Now you notice they list all of the file formats supported which include file types: *.mp3, *.mp4, *.flv, *.wmv, *.avi, *.mpeg, *.aac, *.aiff, *.au, *.ogg, *.3gp, *.flac, *.ra, *.m4a, *.wma, *.m4v, *.caf, *.cf, *.mov, *.mpg, *.webm, *.wav, *.asf, *.amr
The maximum file size available for upload for this free plan is: 4000 MB
For purposes of this test I was using an m4a file using the Voice Recorder app on the iPhone 6S with a PowerDeWise Lapel microphone for recording.
The interesting thing is you can choose to do Machine Transcription or Human Transcription, whichever option you choose you will get a statement on how long the transcription will take and according to VoiceBase Machine Transcriptions are completed within 24h often within 2h. Human transcriptions typically take 3 days. So if it is something you wanted quickly that is something to know about using VoiceBase is the 2-24 hour potential delay with machine transcription. Though I imagine the human transcription would have greater accuracy, but we shall see what the machine transcription brings me.
In my case, my very short audio clip was translated and sent to me via email in less than 10 minutes. It included keywords that it found in the video which may yield some SEO target words for you as in this case it was a phone belt clip I was reviewing.
When you click on the link you get to see your transcription and compare the audio to the text. In this case I found the text to be about 85% accurate, I found it a little dismaying that it can’t intelligently know that iPhone is as such and instead does i Phone as two separate words in several places. Overall the text though was mostly accurate word for word though Otterbox became auto box when comparing the phone cases.

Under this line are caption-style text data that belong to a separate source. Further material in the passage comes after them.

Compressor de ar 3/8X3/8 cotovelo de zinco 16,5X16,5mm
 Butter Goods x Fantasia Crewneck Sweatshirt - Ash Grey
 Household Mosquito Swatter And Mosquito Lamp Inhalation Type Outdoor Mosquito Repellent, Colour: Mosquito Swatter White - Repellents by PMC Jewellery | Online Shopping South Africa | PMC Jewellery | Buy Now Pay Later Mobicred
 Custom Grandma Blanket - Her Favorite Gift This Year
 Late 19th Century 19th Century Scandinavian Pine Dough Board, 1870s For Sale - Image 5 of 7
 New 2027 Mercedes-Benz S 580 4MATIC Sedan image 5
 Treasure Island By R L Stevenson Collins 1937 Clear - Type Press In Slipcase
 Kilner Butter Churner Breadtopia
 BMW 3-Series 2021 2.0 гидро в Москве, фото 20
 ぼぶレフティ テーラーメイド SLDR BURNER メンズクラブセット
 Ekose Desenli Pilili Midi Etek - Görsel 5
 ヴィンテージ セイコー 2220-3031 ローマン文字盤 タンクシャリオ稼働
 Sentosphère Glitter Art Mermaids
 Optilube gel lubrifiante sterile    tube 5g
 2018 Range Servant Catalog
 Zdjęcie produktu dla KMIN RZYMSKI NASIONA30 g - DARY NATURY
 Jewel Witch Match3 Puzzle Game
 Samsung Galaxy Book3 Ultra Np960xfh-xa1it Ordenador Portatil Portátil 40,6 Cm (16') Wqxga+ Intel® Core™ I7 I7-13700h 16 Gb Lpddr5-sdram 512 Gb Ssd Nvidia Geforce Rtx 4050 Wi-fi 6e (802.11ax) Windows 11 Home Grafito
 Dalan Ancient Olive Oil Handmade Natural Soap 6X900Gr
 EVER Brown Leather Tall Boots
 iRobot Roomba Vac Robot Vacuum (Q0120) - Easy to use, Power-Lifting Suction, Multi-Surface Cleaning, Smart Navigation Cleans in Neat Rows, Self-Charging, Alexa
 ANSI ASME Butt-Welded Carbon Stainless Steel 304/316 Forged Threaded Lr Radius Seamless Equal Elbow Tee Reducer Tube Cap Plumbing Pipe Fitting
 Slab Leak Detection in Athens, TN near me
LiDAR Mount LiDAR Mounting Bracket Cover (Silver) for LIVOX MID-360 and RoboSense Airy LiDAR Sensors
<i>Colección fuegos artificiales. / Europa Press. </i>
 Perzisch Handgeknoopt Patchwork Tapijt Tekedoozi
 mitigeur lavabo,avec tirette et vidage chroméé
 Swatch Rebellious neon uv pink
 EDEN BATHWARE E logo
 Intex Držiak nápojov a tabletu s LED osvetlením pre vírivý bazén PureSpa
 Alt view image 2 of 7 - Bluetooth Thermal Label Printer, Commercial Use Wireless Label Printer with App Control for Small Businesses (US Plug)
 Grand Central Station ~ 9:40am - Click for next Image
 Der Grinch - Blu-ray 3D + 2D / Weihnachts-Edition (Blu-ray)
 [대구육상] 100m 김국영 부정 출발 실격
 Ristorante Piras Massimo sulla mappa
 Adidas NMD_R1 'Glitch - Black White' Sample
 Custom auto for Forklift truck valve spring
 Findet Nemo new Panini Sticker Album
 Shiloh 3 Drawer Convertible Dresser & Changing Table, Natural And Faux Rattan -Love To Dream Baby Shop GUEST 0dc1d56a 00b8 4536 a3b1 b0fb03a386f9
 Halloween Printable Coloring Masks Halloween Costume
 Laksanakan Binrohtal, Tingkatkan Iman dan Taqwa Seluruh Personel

My last paragraph was even more troublesome and I will cut and paste it for you here:
what’s on your clip it does a good job. It only does hold the phone in vertical mode though I do sometimes prefer to hold my phone in a horizontal modem a belt clip so that’s something toconsider but overall I would probably get about three and a half stars. This is the Dr mode iphone six protective case that also includes a belt clip and this is the review of it for Dragon by going tocome.
It has a tendency to merge words and it really has a problem with brand names and such, though it could be my New York accent when I speak that gives the transcription some trouble. Where I said “I would give it about 3 and a half stars” it translated to I would probably get about three and a half stars. Note I talk pretty quickly so when comparing the transcription here to Dragon Naturally speaking it is only slightly worse, though with Dragon software I can do voice training and increase accuracy. VoiceBase does let you define custom vocabulary which I didn’t do for this quick test period however.
You also have the ability to turn on swear word filter if you don’t want a transcription that includes curse words.
Overall, it probably saved me a few minutes on several hundred words of written text, I still had to do some editing but if I have a lot of time stuck in a car where I can record my voice to speak notes/audio blog posts and convert to written later it appeared to be faster than if I manually transcribed them by typing them out which I can do at 105 Words Per Minute but I have more productive things to do with my time.